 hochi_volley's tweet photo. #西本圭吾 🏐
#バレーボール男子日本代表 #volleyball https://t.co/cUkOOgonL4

==

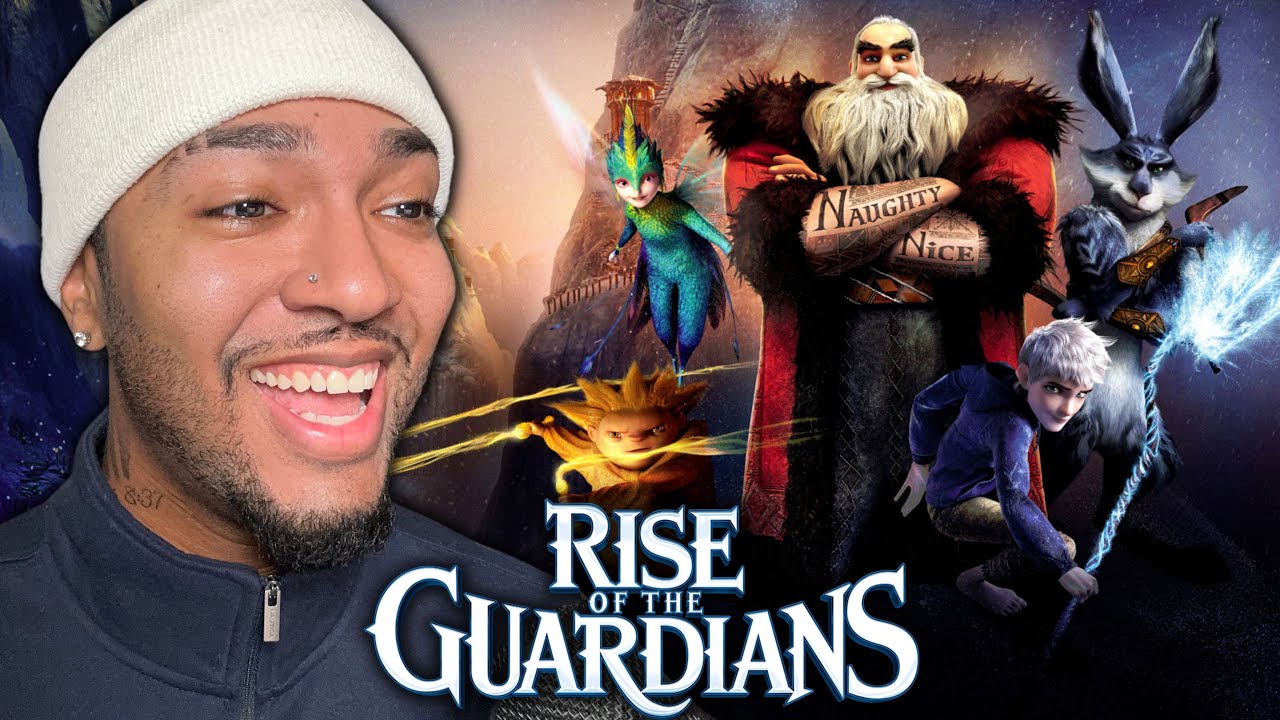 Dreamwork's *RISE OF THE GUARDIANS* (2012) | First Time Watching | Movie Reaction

About this task =>
Find the line with "hochi_volley's tweet photo. #西本圭吾 🏐" in the entries above. Retype it and each line after it, exactly, through the line with "#バレーボール男子日本代表 #volleyball https://t.co/cUkOOgonL4", and stop there.

Result =>
 hochi_volley's tweet photo. #西本圭吾 🏐
#バレーボール男子日本代表 #volleyball https://t.co/cUkOOgonL4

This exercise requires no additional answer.